It's always a treat, especially at the well known Century Club, founded by many well-known elegant Jewish-German merchant immigrant mavens. How one wishes he could have participated in the weekly lunches my friend attended with such eminences the "Chairman," the secretary of Treasury, and the bearish hotelier and friend of Abelson.

My friend's schtick is called "The analysts don't know anything." It's a variant of the ever-fashionable "You people are the best in the world" that one often hears at cabaret performances. He delivers it to all the leading retailers each year, and if you butter him up, he'll tell it to you if it increases your self-esteem.

It starts, "I was once a merchant like you, before I was an analyst" (he ran a major manufacturing enterprise and was employer of my "better" right-hand man, Gunga Git. After much folderol it develops into: "and you know something, you're a lot smarter...a lot better than my current colleagues, the analysts who have never held a job in the REALLLLLL WORLD...the ones that never had to meet a payroll, and all they know is balance sheets and ratios."

He points out that retail sales comps are usually misleading because in January and July if the December and June have been good, then there's nothing left to sell in January or July. So "comps" are bad. But if the reverse, why then, "The comps are bang up."

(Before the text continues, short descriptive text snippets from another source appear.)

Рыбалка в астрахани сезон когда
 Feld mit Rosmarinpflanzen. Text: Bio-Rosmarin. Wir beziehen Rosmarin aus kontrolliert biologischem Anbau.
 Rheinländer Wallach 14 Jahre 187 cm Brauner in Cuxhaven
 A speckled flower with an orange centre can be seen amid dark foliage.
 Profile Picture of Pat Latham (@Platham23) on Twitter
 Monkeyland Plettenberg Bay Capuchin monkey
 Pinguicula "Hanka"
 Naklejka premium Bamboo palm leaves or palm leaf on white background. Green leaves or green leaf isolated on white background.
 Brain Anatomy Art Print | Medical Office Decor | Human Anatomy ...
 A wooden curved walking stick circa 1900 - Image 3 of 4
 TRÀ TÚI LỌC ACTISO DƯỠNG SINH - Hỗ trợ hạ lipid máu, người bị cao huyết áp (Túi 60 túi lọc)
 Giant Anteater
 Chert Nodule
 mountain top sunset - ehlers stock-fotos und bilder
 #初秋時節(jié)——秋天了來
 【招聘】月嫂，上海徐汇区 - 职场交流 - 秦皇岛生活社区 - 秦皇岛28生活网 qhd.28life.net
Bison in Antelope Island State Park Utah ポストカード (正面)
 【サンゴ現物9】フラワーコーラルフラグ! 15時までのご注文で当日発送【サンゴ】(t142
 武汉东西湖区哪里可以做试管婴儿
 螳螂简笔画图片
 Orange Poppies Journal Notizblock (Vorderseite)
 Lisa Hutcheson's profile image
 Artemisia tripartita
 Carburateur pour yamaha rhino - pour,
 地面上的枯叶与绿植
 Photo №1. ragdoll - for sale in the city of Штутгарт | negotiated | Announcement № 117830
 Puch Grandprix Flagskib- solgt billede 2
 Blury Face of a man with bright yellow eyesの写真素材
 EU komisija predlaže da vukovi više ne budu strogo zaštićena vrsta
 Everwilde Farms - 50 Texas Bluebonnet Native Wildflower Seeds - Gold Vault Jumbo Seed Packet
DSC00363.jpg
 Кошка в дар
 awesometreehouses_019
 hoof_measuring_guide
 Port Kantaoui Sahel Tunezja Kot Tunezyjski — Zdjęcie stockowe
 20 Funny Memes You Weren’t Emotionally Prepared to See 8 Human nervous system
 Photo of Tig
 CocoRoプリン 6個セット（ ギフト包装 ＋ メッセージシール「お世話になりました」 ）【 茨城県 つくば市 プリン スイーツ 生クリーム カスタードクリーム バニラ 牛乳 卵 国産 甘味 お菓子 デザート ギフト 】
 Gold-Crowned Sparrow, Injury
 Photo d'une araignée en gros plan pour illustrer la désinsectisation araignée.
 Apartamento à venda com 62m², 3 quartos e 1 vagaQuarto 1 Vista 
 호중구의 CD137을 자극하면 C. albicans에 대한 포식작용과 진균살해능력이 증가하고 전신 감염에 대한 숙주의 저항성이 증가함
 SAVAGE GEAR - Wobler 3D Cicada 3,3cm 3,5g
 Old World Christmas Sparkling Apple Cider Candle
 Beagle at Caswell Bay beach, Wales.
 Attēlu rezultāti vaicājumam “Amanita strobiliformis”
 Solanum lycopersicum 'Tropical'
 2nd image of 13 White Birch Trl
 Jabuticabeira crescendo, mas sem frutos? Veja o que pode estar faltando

"So when the stock goes down on bad comps, that's when I like to buy and you merchants know that but my friends don't." After a few twists and turns he ends with: "Guys, you're a lot smarter than we are. I tip my hat to you and I often wish I was still with you and Michael hadn't bought my firm away."

He's one of the world's most inspirational men. Truly the opposite of the Sage -- young-hearted in every way ...but his ideas deserve testing.